* [Problem requirements]: Output the lines from the one containing "2025 Panini National" through the last line of the material below, exactly; please do not include pictures.

* [Dataset section]:

****************************************

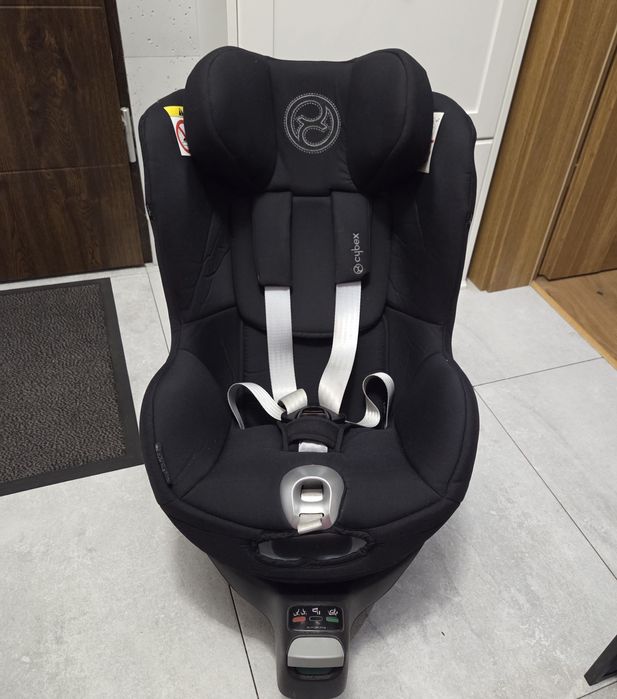 Cybex Sirona Z2i 0-18kg i-Size z Bazą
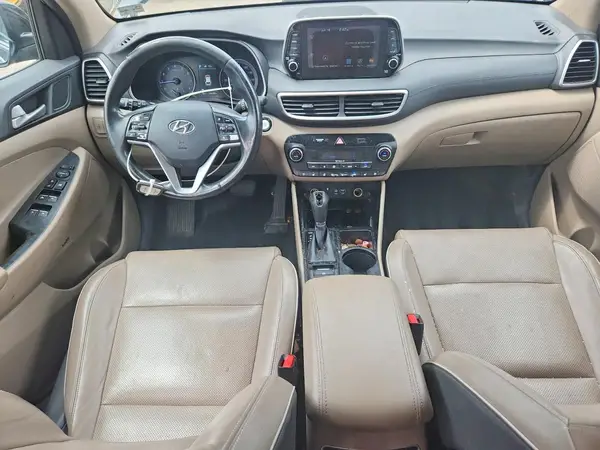KM8J3CAL5KU887074 2019 HYUNDAI TUCSON - Image 8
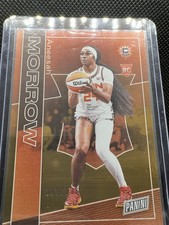 2025 Panini National Convention - Rookies Aneesah Morrow #RC7 Orange /199 (RC)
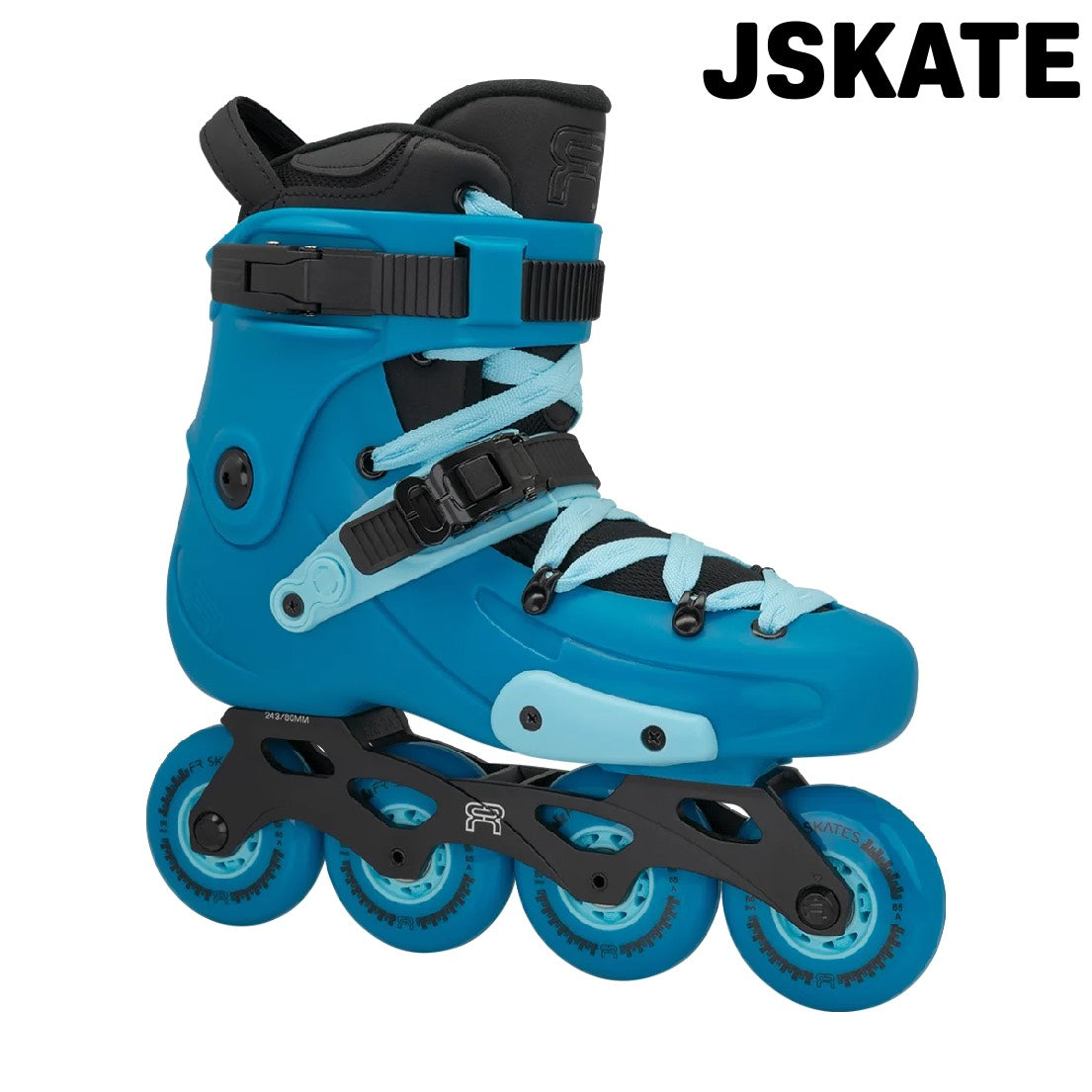 Rollers Freeride FR3 80 Fr Skates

****************************************

* [Output below]:
 2025 Panini National Convention - Rookies Aneesah Morrow #RC7 Orange /199 (RC)
 Rollers Freeride FR3 80 Fr Skates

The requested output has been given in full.